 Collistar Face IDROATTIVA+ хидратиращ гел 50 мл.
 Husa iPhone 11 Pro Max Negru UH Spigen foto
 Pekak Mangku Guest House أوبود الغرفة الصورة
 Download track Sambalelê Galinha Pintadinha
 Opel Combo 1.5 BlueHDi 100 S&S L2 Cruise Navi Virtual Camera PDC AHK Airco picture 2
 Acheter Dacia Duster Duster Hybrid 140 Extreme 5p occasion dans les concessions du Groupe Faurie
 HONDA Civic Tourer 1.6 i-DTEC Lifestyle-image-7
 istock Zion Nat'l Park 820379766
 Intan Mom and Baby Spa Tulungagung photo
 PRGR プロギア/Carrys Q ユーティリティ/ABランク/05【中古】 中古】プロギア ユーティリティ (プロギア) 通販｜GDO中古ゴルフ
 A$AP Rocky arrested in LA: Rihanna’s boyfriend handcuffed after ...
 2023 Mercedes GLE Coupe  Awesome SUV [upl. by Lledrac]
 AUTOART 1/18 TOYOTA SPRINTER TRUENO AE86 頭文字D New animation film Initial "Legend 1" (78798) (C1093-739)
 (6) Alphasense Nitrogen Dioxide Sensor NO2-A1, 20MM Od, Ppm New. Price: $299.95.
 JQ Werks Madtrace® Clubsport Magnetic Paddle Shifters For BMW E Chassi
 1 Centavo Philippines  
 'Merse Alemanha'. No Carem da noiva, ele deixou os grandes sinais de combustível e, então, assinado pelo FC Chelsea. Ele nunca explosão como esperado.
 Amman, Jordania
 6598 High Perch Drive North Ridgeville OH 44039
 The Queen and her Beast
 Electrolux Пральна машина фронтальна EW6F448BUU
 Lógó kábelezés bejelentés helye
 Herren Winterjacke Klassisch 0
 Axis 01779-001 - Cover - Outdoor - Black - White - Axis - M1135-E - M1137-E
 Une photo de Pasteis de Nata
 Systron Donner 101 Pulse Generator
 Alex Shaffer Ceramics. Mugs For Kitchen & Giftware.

PROBLEM TO WORK ON:
In full and without any edits, output the material above.

RESULT OF THE TASK:
 Collistar Face IDROATTIVA+ хидратиращ гел 50 мл.
 Husa iPhone 11 Pro Max Negru UH Spigen foto
 Pekak Mangku Guest House أوبود الغرفة الصورة
 Download track Sambalelê Galinha Pintadinha
 Opel Combo 1.5 BlueHDi 100 S&S L2 Cruise Navi Virtual Camera PDC AHK Airco picture 2
 Acheter Dacia Duster Duster Hybrid 140 Extreme 5p occasion dans les concessions du Groupe Faurie
 HONDA Civic Tourer 1.6 i-DTEC Lifestyle-image-7
 istock Zion Nat'l Park 820379766
 Intan Mom and Baby Spa Tulungagung photo
 PRGR プロギア/Carrys Q ユーティリティ/ABランク/05【中古】 中古】プロギア ユーティリティ (プロギア) 通販｜GDO中古ゴルフ
 A$AP Rocky arrested in LA: Rihanna’s boyfriend handcuffed after ...
 2023 Mercedes GLE Coupe  Awesome SUV [upl. by Lledrac]
 AUTOART 1/18 TOYOTA SPRINTER TRUENO AE86 頭文字D New animation film Initial "Legend 1" (78798) (C1093-739)
 (6) Alphasense Nitrogen Dioxide Sensor NO2-A1, 20MM Od, Ppm New. Price: $299.95.
 JQ Werks Madtrace® Clubsport Magnetic Paddle Shifters For BMW E Chassi
 1 Centavo Philippines  
 'Merse Alemanha'. No Carem da noiva, ele deixou os grandes sinais de combustível e, então, assinado pelo FC Chelsea. Ele nunca explosão como esperado.
 Amman, Jordania
 6598 High Perch Drive North Ridgeville OH 44039
 The Queen and her Beast
 Electrolux Пральна машина фронтальна EW6F448BUU
 Lógó kábelezés bejelentés helye
 Herren Winterjacke Klassisch 0
 Axis 01779-001 - Cover - Outdoor - Black - White - Axis - M1135-E - M1137-E
 Une photo de Pasteis de Nata
 Systron Donner 101 Pulse Generator
 Alex Shaffer Ceramics. Mugs For Kitchen & Giftware.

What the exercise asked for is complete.